We kept in touch over the years, regularly, Christmas, Birthdays, and still do.

Now the Epilogue to this lovely story!

In 1993 I directed and escorted the World War1 Diggers (Soldiers) on an Official Australian Government Commemoration Pilgrimage to The Western Front of World War I.

The entourage included The Australian Governor General of Australia of the time, Bill Hayden, John Howard, who was not yet Prime Minister, but held another Ministerial Portfolio, John Faulkner The Minister of Veterans’ Affairs at that time –, Nurses, Carers as these Soldiers (Diggers were all in their Nineties), The Repatriation Commissioner and Senior Departmental Officers of the Department of Veterans’ Affairs, TV and Press Media.  We were some 80 Members in the entire Group.

I advised Eve and her parents that I was arriving in Paris, staying at the Hilton Hotel with the Group, and hope to meet them when I was there.

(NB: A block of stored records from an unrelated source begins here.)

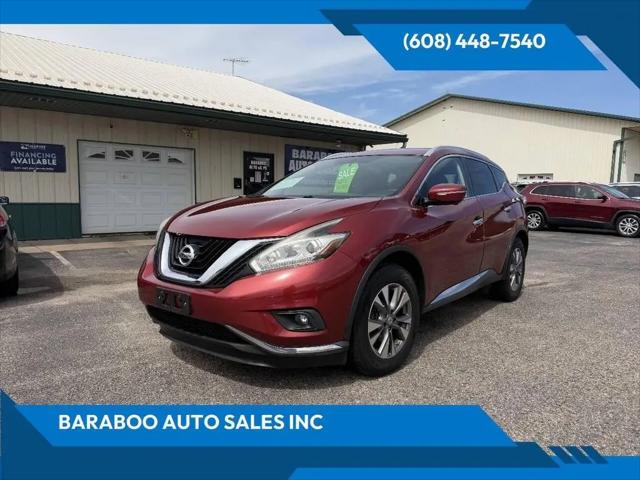 2015 Nissan Murano SL for sale in Baraboo, WI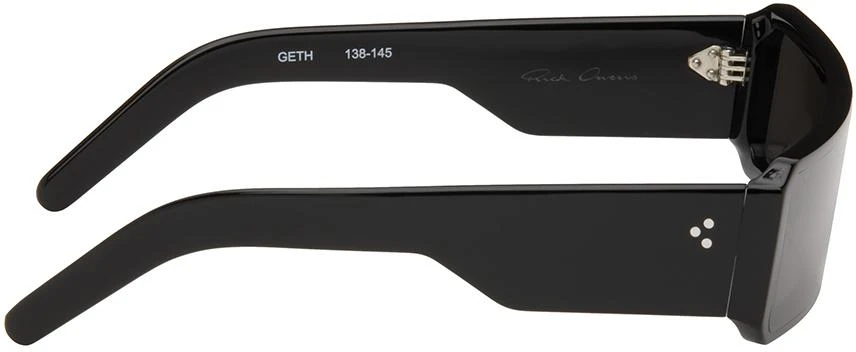Rick Owens Black Geth Sunglasses 2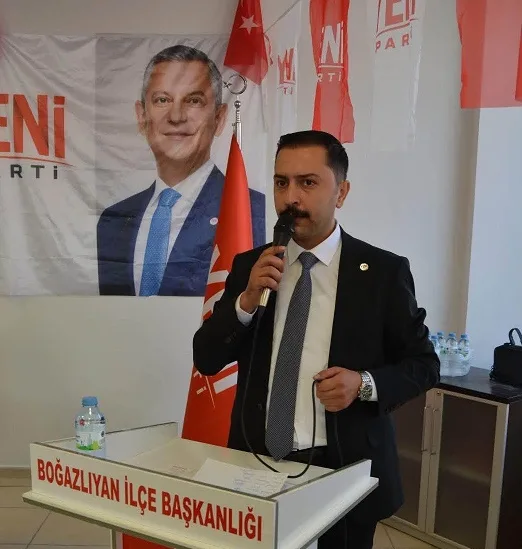 Yeni Parti Boğazlıyan İlçe Başkanı Mert Ertekin, 29 Ekim Cumhuriyet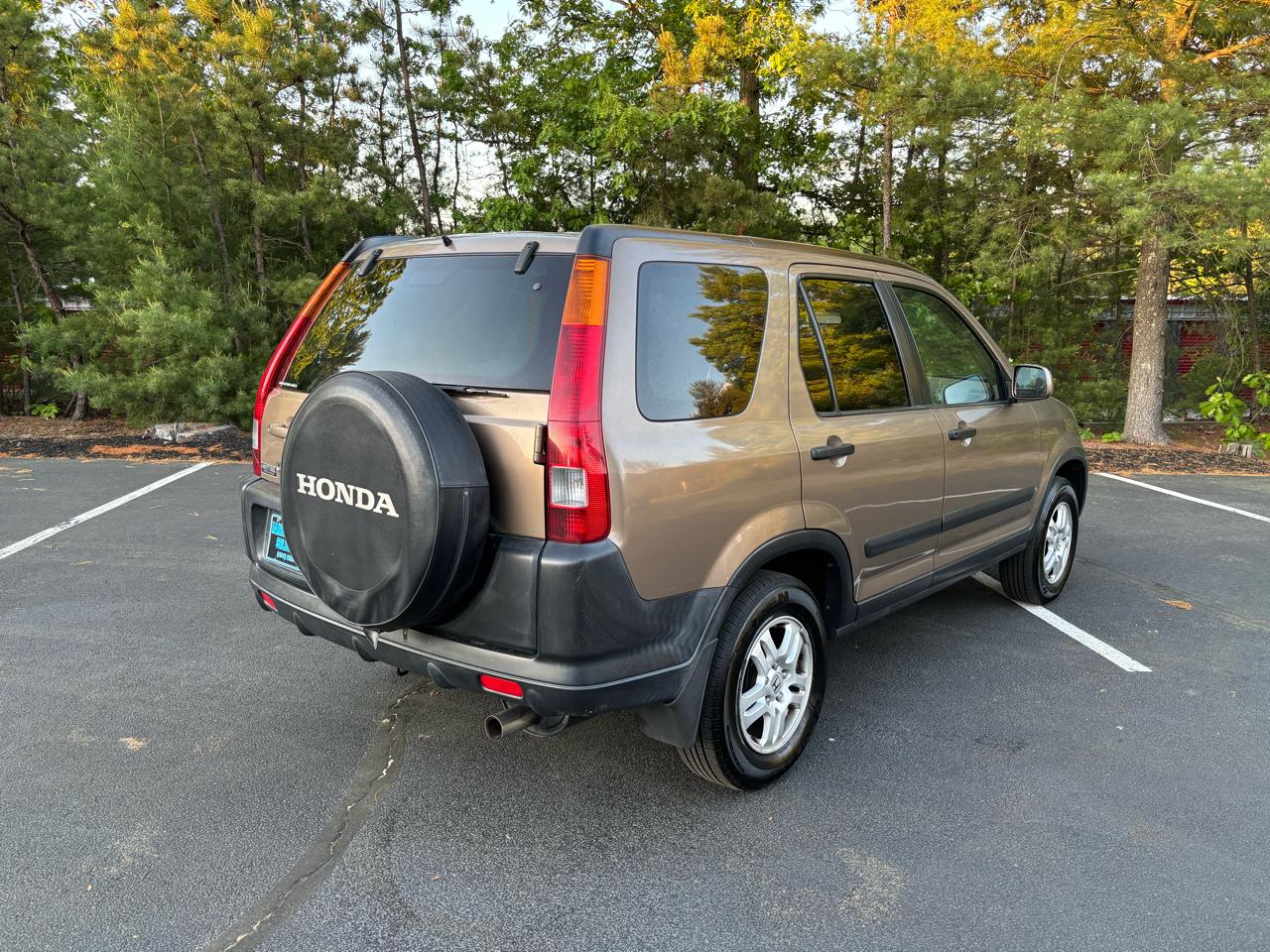 Honda CR-V EX 4WD 4-spd AT 2003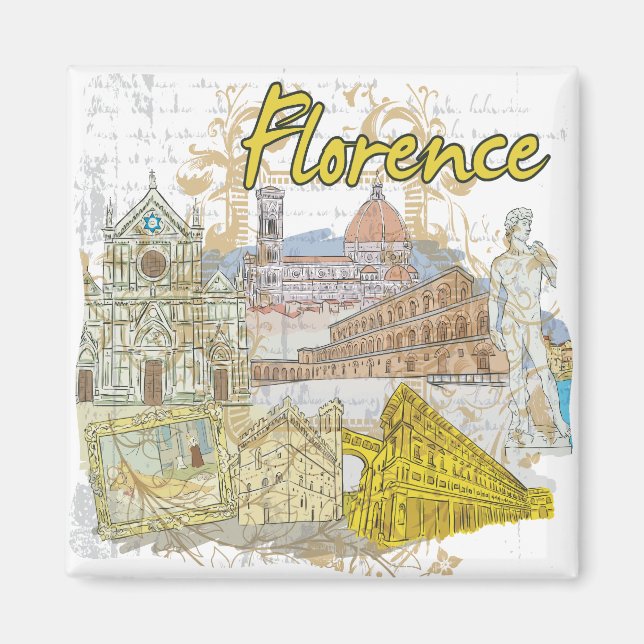 Íman Florença (Frente)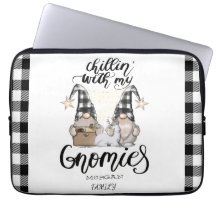 Schattige Schattigee Gnomen Zwart Buffel Plaid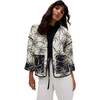 Felicity Palm Print Reversible Jacket, Multi - Jackets - 1 - thumbnail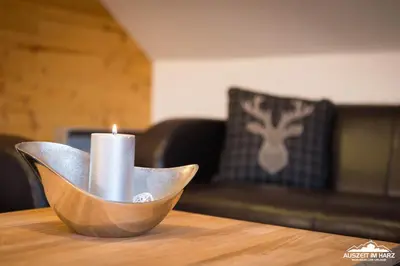 Grundriss der Unterkunft Auszeit-im-Harz Haus 3 Wohnung 8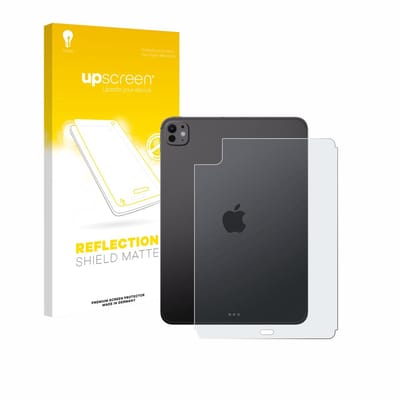 upscreen - Screenprotector voor Apple iPad Pro 11" 2025 (Achterkant) - Folie Beschermfolie anti glare matte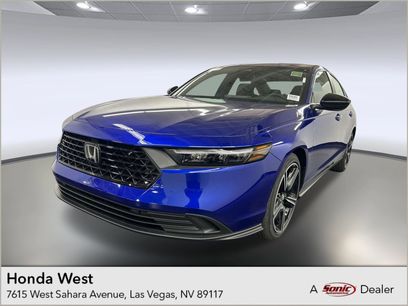 New 2025 Honda Accord Sport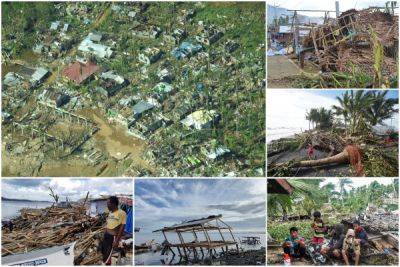 Мощный тайфун "Раи" набедокурил на Филиппинах и унес жизни по меньшей мере 375 человек - porosenka.net - Филиппины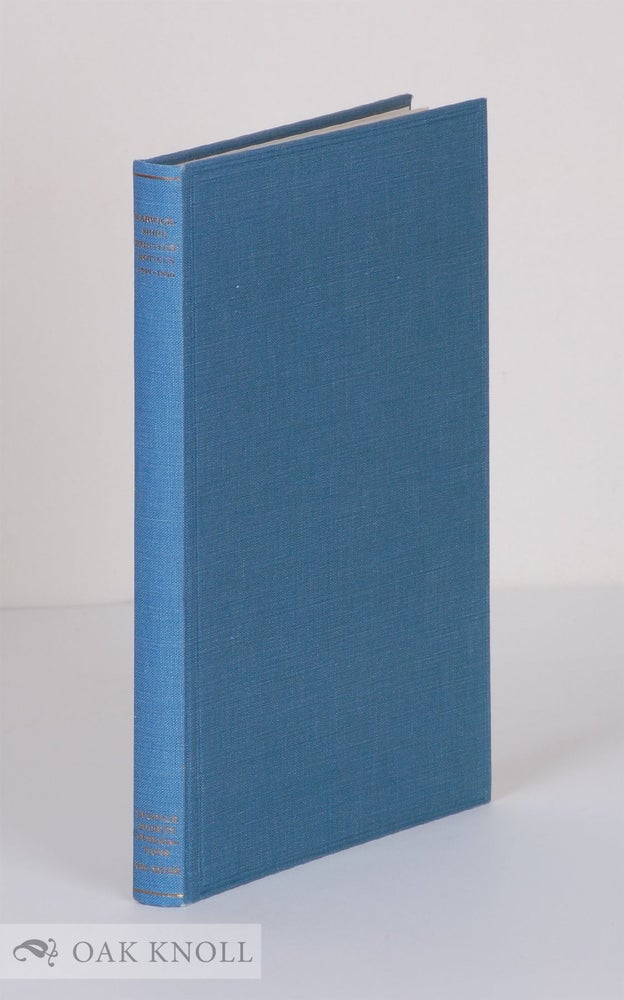 Order Nr. 32800 WARWICKSHIRE PRINTERS' NOTICES, 1799-1866. Paul Morgan.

Well, guess what, they arrived in the Lobby, just as I was briefing the entire group of the Order of Service/Logistics.

When they advised the Hotel Reception, that they were there to see me, the Reception with whom I had been working closely for many weeks, ushered them into the meeting room, not even thinking theirs was a personal visit.

Marie Ange, came straight to me, threw her arms around me and gave me a big kiss. Eve, at her side, next did the same.

Mates, this memorable event brought the House down, with the Diggers all cheering – Why, you may ask?

Eve being originally from India, a beautiful 22 years old young Lady was swarthy in complexion, closer to mine. Marie-Angel being French, and also closer to my age, was extremely fair in complexion.

The group had decided for themselves that Eve was my daughter and the two had come to meet the ‘reprobate’ dad of when I would have, in their opinion, sown wild oats.

Could I convince them otherwise – you decide!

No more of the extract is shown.